Surrender doesn’t always change the outcome. But it always changes us. In the garden, Jesus surrendered—and He found strength to do what love required.
And so will we.

Echoing the Prayer of Jesus

Lent is a season of preparation. But it’s not just about giving something up. It’s about opening something up—your heart, your will, your life—to God.
It’s a season of pruning, where God gently cuts away the things that don’t bear fruit. It’s a season of surrender, where we stop clinging to our way and start saying, “Your way, Lord—even if it’s hard.”
In the Garden of Gethsemane, Jesus prayed the most powerful, honest, and transformative prayer anyone could ever pray:
“Not My will, but Yours be done.”
It wasn’t a prayer of defeat. It wasn’t a prayer of resignation. It was a prayer of trust, of obedience, and of love.
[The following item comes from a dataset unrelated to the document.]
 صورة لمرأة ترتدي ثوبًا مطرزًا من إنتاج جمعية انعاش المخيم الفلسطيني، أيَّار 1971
And it changed everything.
So here’s the challenge:
What would it look like for you to say that prayer in your life today?
Maybe you’re standing at a crossroads, unsure of what decision to make.
Maybe you’re walking through a painful season, praying for God to take the cup away.
Maybe you're holding tightly to something—control, anger, pride, fear—and God is asking you to release it.
What would it mean for you to truly pray: “Not my will, but Yours be done”— and mean it?
That prayer isn’t easy. But it is powerful. Because when we surrender, God gives us strength. When we let go, God holds us up. And when we echo the prayer of Jesus, we are drawn deeper into the heart of the Father.